Each of those sides are available (for $5) on their own, as are the “soul rolls” ($4), a combination of the candied yams and mac-and-cheese rolled up in eggroll wrapping and deep-fried, served with soul sauce.

Soul Bowls is takeout only, with a lively mural by local artist Corey Pane in the waiting area. When it gets warmer, the men hope to install high-top tables outside.

Fair comes to Soul Bowls from a business background. A graduate of UConn business school, Fair helped to develop The Lost Breed, a health, wellness and athletic apparel brand based in West Hartford. “I’m the foundational guy. I know how to build a business from A to Z,” he said.
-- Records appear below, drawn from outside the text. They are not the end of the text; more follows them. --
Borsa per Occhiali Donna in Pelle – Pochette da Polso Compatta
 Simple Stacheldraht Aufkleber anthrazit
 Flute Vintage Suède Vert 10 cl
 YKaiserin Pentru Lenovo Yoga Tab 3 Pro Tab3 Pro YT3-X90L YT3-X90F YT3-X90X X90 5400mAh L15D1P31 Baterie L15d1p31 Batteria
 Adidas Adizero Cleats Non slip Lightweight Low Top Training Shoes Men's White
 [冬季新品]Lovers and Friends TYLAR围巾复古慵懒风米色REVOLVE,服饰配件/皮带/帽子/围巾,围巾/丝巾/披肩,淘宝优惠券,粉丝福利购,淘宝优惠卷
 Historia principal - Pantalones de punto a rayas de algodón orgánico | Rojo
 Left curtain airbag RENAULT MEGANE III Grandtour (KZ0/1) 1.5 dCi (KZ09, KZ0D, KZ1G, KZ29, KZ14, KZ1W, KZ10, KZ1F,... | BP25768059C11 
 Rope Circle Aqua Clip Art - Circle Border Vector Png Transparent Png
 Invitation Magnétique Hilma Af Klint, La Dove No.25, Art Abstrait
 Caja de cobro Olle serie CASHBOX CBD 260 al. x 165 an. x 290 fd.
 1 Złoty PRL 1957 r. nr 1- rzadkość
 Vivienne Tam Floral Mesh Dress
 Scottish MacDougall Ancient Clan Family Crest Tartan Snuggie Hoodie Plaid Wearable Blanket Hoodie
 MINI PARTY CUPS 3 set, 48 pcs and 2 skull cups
Golden was a safety for Penn State and the Pittsburgh Steelers. After a career-ending injury, he traveled and laid low for a few years. Then he came back to his hometown and decided to fulfill a lifelong desire to enter the dining industry. He sought out Thomas, who had a catering company, Poppa’s Kitchen in New Britain.

The restaurant is new, but Fair has big plans. He wants to open a second location by the end of the year. It will be in Connecticut, he said, but the location is still to be determined.

“We want to be the Chipotle of soul food,” he said. “Our motto is, ‘Everything’s better in a bowl’.”